***** MATERIAL PROVIDED *****

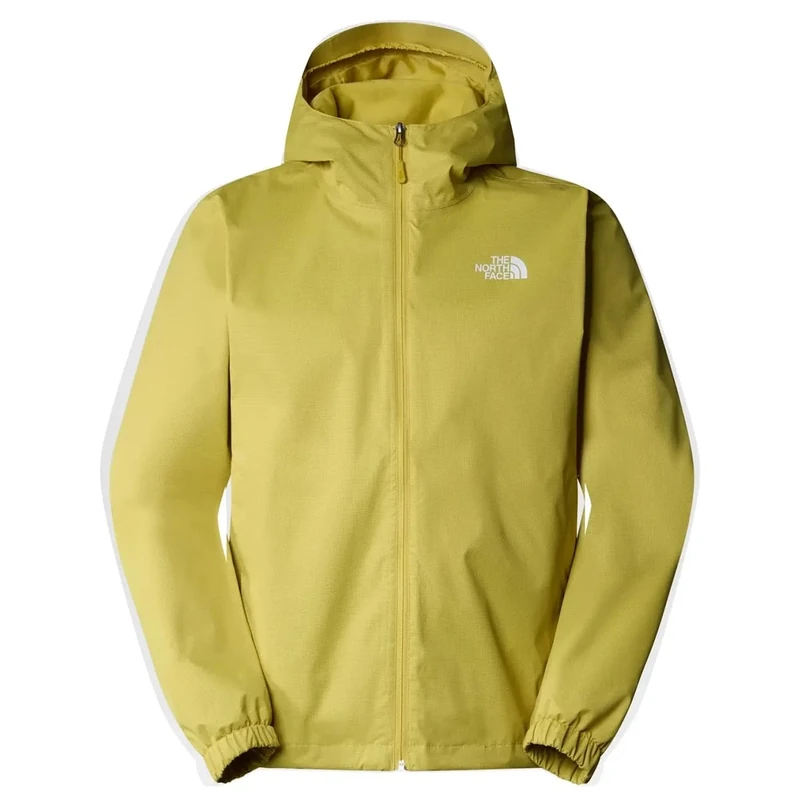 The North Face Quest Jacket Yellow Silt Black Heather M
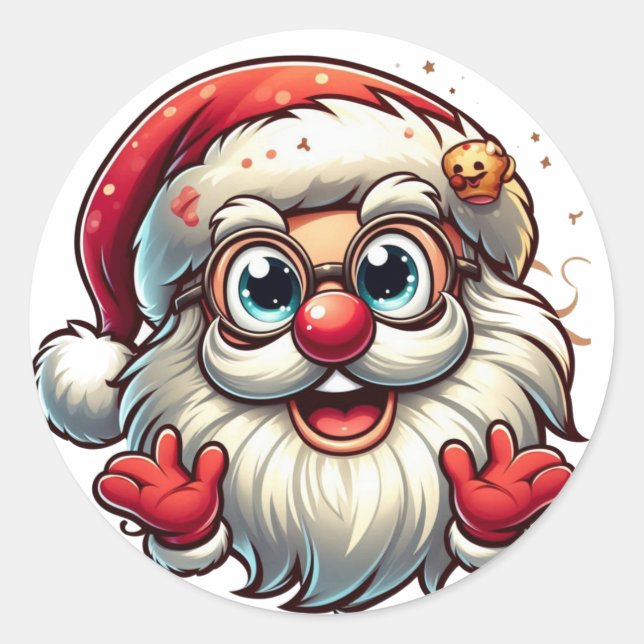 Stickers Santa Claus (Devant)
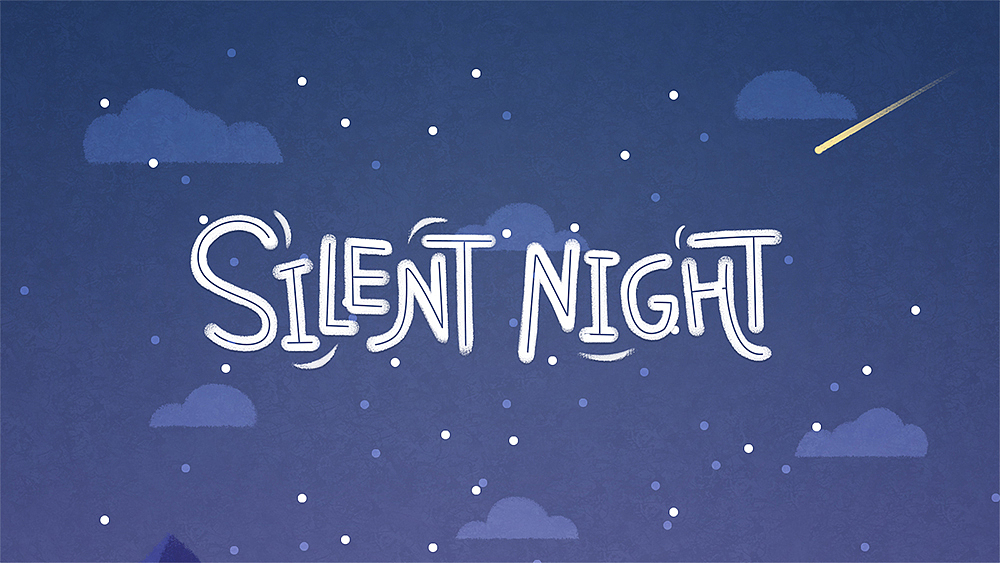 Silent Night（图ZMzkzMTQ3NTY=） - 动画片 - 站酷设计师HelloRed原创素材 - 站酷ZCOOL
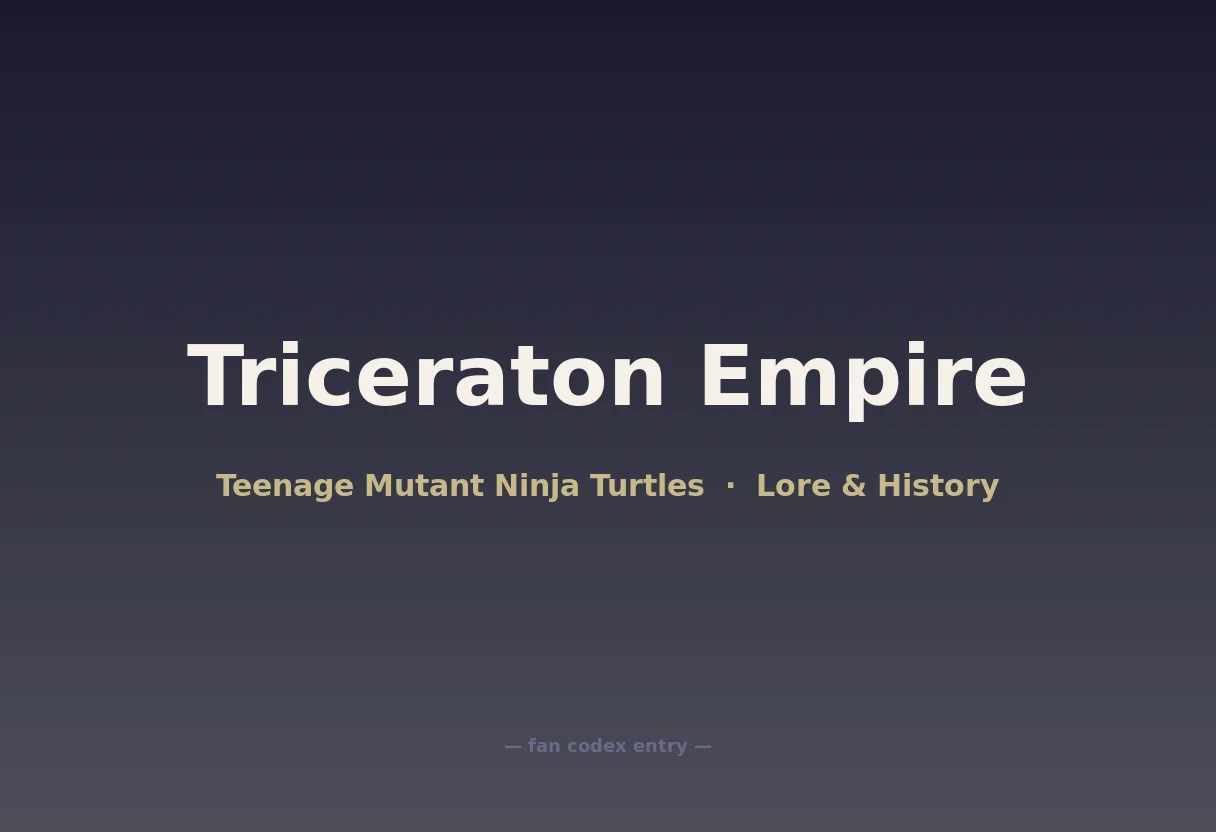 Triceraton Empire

*****

EXERCISE AIM: The finished answer is an exact repetition of the listing, with every picture removed.

OUTPUT BELOW:
 The North Face Quest Jacket Yellow Silt Black Heather M
 Stickers Santa Claus (Devant)
 Silent Night（图ZMzkzMTQ3NTY=） - 动画片 - 站酷设计师HelloRed原创素材 - 站酷ZCOOL
 Triceraton Empire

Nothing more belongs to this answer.